## PROVIDED ENTRIES
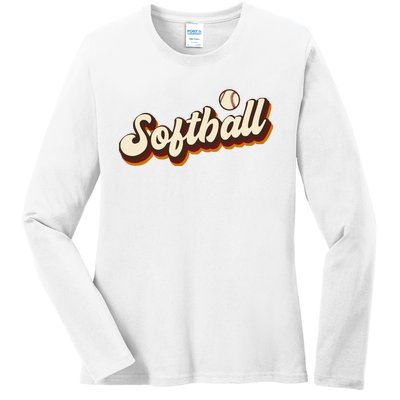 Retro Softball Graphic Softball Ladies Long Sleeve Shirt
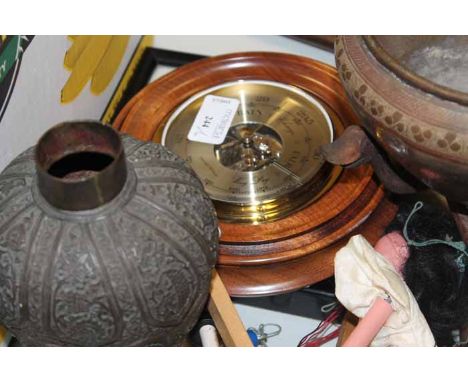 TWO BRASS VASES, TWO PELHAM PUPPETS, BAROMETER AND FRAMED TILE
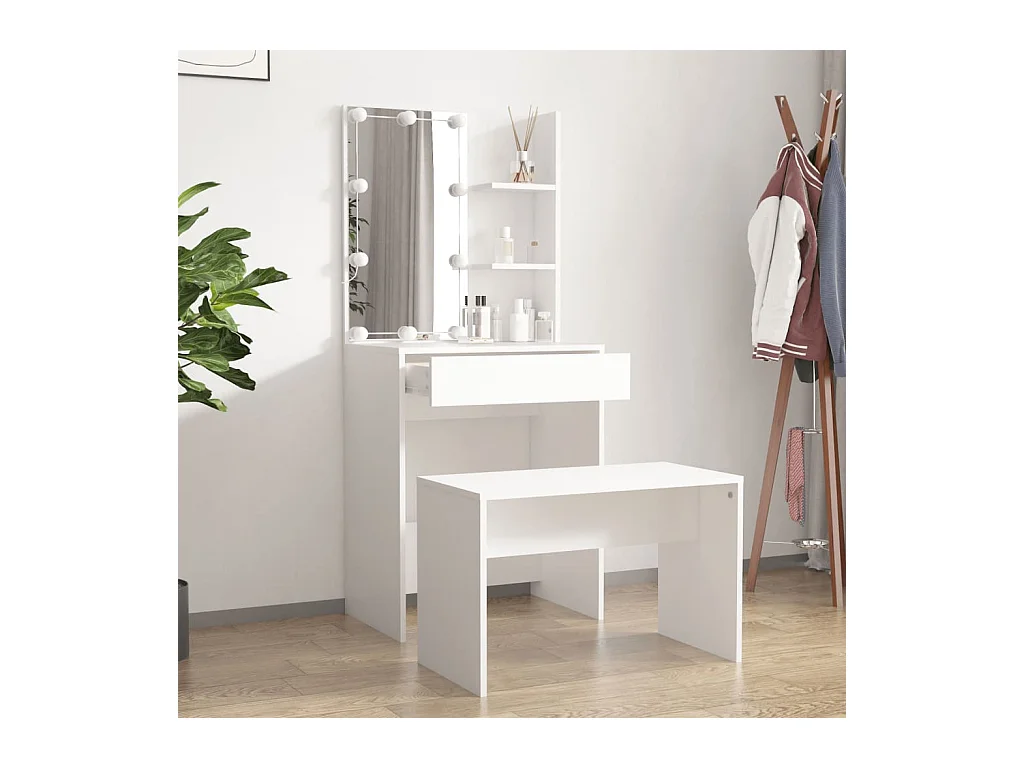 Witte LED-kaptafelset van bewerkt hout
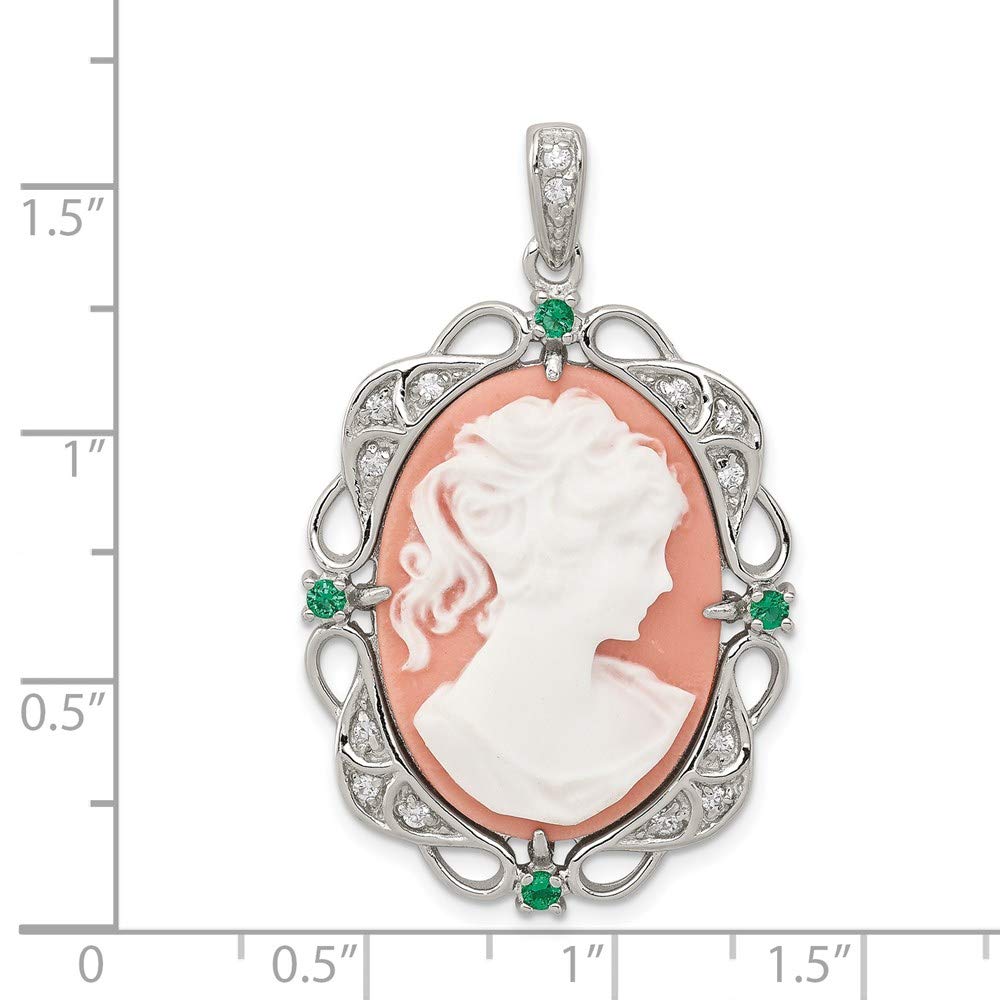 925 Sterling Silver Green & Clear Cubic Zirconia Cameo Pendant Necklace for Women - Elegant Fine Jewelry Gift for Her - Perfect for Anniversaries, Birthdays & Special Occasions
==
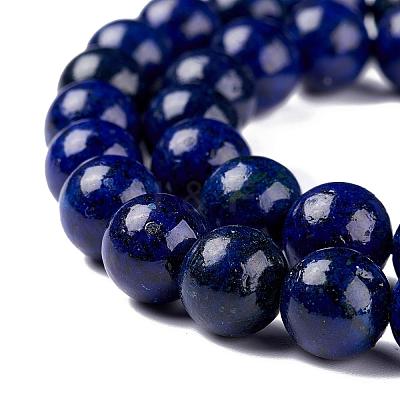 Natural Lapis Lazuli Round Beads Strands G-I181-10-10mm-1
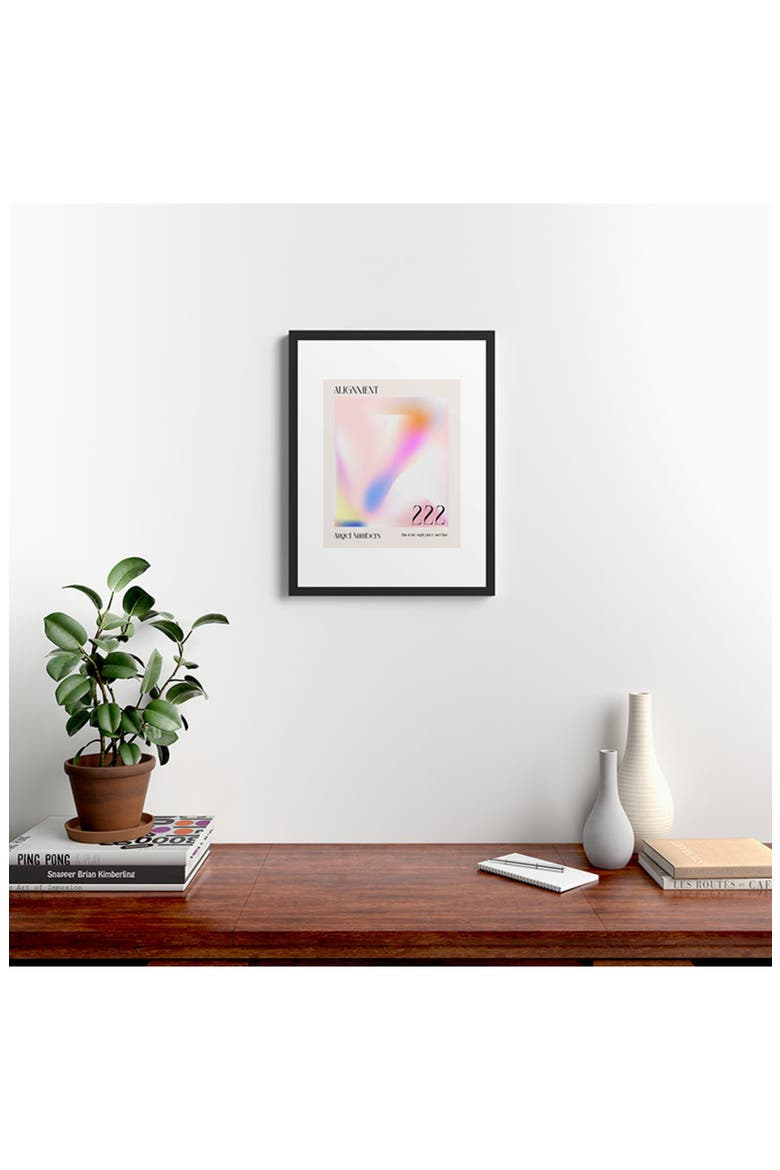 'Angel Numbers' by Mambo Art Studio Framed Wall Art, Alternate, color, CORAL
==
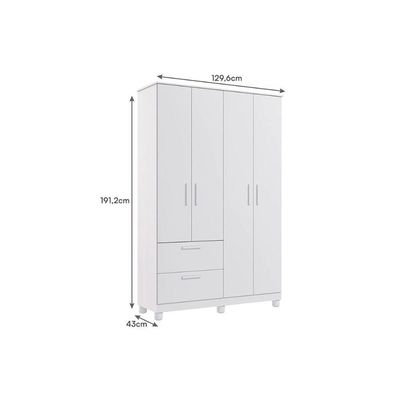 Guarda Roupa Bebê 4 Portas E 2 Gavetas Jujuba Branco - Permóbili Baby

## WORK REQUEST
Please repeat, exactly as written, the lines in the records above, starting with the one that has "Witte LED-kaptafelset van bewerkt hout" and going on through the one that has "925 Sterling Silver". Pictures are to be left out.

## EXERCISE RESPONSE
 Witte LED-kaptafelset van bewerkt hout
 925 Sterling Silver Green & Clear Cubic Zirconia Cameo Pendant Necklace for Women - Elegant Fine Jewelry Gift for Her - Perfect for Anniversaries, Birthdays & Special Occasions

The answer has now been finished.